* **WORK ITEM**:
The answer is to be the data that follows, transcribed exactly, minus its pictures.

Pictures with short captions
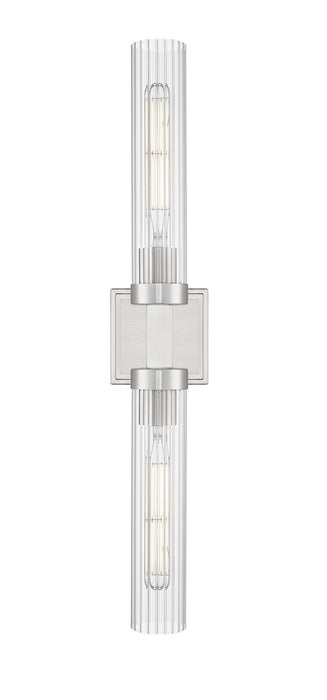 Z-Lite 740-2W-BN Two Light Wall Sconce, Brushed Nickel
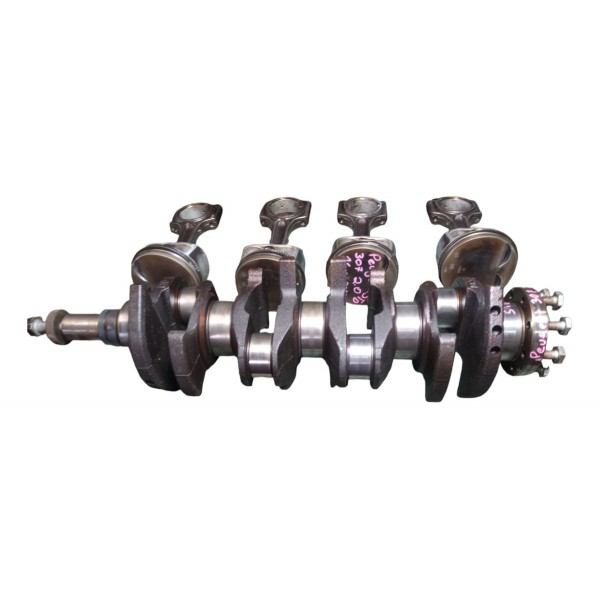 Virabrequim Pistões E Bielas Peugeot 307 2.0 16v Std 2010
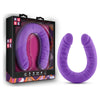 Ruse Silicone Slim 45cm Double Dong Purple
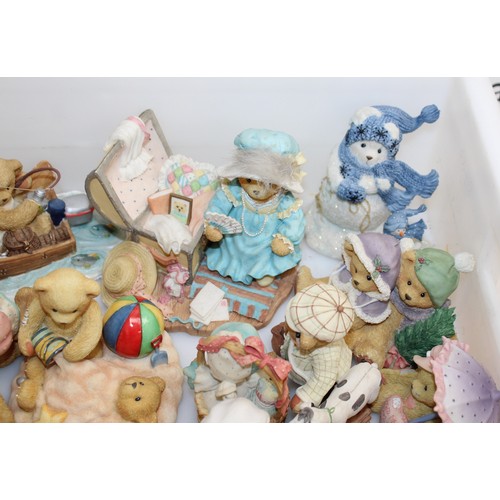 128 - Quantity Of Cherished Teddies Etc 
Crate Not Included
COLLECTION ONLY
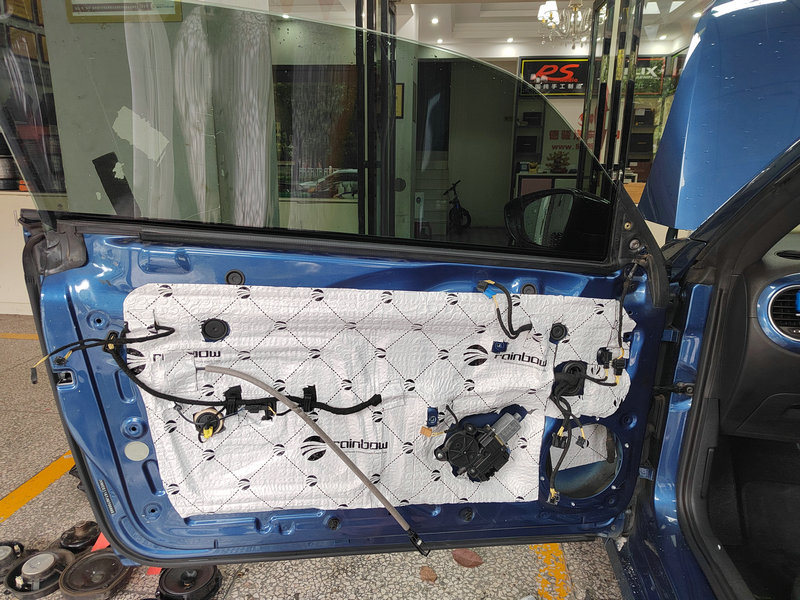 大众甲壳虫改劲浪音响,甲壳虫音响升级改装长沙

* **SOLUTION TO THIS TASK**:
 Z-Lite 740-2W-BN Two Light Wall Sconce, Brushed Nickel
 Virabrequim Pistões E Bielas Peugeot 307 2.0 16v Std 2010
 Ruse Silicone Slim 45cm Double Dong Purple
 128 - Quantity Of Cherished Teddies Etc 
Crate Not Included
COLLECTION ONLY
 大众甲壳虫改劲浪音响,甲壳虫音响升级改装长沙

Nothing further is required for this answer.